Four killed, dozens injured in tragic campus wifi crash

Last Tuesday, in what has been called a “freak accident,” “disgraceful catastrophe” and “the tragedy of our generation,” a WiFi crash at Lewis & Clark killed four people and left dozens injured. The severity of injuries ranged from superficial to mortal. Many reported minor nausea and mood swings. Ashlyn Walter ’24 was not so lucky. She was rushed to the emergency room after the cataclysm, having lost a leg.

“It all happened so slowly,” Walter said. “I was in the library, writing an essay on my laptop, when my cursor disappeared and the screen froze. I frantically moved my mouse, feeling the pressure of my unfinished thought building up inside me. It kept building until I felt like it was going to burst. When it finally did, I felt this aura of maliciousness, like the internet pulled the thought out of my head when it left. To be honest, I think it took my sanity too.” 

Walter said she remembered screaming, as the agony of forgetting what she was going to say tore through her soul. The world turned red, she said, and she felt a sharp pain in her right knee. Finally, everything mysteriously disappeared, “like a light switched off.”

Walter was the sole survivor of this phenomenon, known as laggy-essay-induced headexplodeosis. It is unclear why she lost her leg while all of the others suffering from this condition lost their heads, but there has been much speculation and a number of ill-timed dad jokes. 

Essay writers were not the only afflicted parties. Students and faculty using technology across campus experienced twitches of annoyance, tremors of displeasure and hellish infernos of eternal rage as their respective devices went offline. 

Even those who were not participating in internet-associated activities were impacted. Valentina Ryan ’22 was relaxing in a hammock when a series of strange occurrences disturbed her peace. Ryan described swaying in the breeze when feelings of dread and untraceable fury suddenly crept over her. Several people later reported a cacophony of cat yowls punctuating the calm fall day at that same moment. Others remembered violent torrents of wind, fire and cats careening about. 

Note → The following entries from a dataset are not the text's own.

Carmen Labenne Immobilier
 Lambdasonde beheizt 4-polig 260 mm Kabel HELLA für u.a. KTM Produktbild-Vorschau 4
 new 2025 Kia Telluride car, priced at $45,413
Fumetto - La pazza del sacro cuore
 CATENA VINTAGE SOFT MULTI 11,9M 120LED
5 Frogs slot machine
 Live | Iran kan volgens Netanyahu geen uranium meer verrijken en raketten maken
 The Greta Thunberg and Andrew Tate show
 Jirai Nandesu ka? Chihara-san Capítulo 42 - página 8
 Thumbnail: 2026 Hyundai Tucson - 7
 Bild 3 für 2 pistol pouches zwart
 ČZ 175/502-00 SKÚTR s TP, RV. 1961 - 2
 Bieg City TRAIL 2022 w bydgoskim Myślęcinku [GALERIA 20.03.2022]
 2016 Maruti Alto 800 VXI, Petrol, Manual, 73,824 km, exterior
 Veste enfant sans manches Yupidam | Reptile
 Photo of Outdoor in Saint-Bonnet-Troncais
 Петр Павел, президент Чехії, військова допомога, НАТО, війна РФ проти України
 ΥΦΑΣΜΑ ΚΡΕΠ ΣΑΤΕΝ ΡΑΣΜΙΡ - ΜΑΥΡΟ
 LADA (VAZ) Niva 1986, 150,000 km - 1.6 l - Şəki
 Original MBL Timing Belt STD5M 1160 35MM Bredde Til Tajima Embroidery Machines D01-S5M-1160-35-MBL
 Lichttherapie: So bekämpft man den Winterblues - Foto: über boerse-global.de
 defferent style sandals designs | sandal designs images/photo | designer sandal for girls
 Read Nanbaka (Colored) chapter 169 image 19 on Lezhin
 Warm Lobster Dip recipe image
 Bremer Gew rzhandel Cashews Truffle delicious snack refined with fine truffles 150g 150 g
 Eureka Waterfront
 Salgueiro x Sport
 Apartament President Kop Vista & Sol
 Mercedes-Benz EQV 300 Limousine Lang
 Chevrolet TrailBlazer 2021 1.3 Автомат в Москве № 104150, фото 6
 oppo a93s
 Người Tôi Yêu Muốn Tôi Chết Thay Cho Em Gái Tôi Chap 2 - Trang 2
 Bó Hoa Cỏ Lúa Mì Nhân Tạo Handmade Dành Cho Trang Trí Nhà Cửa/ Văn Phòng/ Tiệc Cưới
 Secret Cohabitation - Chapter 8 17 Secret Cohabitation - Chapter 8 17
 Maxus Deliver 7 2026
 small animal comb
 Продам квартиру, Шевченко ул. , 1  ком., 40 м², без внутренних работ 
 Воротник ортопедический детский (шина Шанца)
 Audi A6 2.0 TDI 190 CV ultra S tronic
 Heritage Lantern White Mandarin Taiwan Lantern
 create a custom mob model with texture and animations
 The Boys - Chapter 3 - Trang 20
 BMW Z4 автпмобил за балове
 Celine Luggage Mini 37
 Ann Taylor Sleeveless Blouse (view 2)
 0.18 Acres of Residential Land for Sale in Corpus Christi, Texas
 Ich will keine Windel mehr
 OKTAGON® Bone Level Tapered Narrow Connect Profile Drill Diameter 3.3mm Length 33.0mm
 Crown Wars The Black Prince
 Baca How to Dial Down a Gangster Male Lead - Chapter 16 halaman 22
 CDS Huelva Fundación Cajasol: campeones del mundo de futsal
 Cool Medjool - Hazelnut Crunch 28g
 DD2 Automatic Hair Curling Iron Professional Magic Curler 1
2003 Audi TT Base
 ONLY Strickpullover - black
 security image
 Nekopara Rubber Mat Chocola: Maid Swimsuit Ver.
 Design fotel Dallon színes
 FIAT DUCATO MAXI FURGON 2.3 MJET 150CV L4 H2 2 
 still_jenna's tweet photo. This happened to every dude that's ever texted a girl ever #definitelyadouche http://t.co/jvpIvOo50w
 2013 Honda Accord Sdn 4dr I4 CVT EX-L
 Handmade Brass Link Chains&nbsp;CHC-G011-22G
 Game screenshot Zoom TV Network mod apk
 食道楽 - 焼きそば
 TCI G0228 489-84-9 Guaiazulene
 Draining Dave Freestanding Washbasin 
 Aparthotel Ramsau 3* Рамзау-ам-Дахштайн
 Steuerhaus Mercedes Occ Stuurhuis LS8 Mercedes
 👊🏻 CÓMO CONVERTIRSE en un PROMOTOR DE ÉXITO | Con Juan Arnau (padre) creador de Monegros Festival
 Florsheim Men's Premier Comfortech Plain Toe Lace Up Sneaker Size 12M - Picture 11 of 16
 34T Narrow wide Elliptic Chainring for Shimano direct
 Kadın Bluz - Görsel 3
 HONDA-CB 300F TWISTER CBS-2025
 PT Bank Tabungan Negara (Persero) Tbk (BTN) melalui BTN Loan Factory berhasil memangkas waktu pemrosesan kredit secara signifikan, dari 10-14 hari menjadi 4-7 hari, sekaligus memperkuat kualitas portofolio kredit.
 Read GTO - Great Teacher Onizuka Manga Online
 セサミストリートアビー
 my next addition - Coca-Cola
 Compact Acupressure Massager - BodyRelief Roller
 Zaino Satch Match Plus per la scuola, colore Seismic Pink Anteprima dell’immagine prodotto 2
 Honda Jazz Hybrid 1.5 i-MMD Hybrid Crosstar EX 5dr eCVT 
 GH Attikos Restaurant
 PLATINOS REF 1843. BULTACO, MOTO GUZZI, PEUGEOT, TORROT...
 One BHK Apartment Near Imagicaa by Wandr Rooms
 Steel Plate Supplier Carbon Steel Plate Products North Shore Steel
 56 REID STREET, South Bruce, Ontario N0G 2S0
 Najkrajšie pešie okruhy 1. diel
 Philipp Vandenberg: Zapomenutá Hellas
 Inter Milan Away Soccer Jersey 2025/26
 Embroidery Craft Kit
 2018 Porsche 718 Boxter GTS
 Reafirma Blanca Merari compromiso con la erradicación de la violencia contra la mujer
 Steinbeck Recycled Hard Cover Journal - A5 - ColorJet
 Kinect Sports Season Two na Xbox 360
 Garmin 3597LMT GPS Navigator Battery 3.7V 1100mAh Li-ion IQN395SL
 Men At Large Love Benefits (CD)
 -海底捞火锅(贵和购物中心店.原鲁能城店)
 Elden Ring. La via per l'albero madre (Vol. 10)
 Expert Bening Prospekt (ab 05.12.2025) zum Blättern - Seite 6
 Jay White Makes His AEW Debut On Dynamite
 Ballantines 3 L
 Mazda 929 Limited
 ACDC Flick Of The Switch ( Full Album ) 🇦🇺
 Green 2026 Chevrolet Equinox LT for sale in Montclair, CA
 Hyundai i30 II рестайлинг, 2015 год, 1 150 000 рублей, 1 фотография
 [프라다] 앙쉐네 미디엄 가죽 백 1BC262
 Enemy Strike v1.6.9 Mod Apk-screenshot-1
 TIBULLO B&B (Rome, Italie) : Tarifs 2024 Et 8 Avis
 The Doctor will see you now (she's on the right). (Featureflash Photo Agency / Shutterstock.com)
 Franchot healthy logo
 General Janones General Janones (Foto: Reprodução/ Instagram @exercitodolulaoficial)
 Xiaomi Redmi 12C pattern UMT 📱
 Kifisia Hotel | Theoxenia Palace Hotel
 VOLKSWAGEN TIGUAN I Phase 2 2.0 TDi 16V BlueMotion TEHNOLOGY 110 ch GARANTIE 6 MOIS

According to Ryan, she was caught in the thick of it when Satan himself descended from the dark heavens, cackling madly and kicking down buildings like houses of cards. Ryan was one of many students who were able to flee campus. The LC IT department later clarified that Satan was just an external mechanic hired to fix the problem.

To better understand how the crash itself occurred, expert Everett Odling, the maintenance team leader, was called in.

“Well, I mostly work on buildings, plumbing, electrical, that kind of thing,” Odling said. “But yeah, I think what happened is the wires of the, uh, motherboard sorta scrambled themselves. And we have this common issue where kids remove the batteries from the smoke detectors so they can smoke weed, and that’s probably why, um, the, uh, firewall was able to spread… like wildfire, y’know? Or — hey! — you know what it really is? Sam must’ve forgot to take the cookies out of the oven. Ah, Sam, Sam, Sam. What do we do with Sam?” 

At time of print, plans were being made for a new WiFi network with speeds “more relaxed and go-with-the-flow than ever.”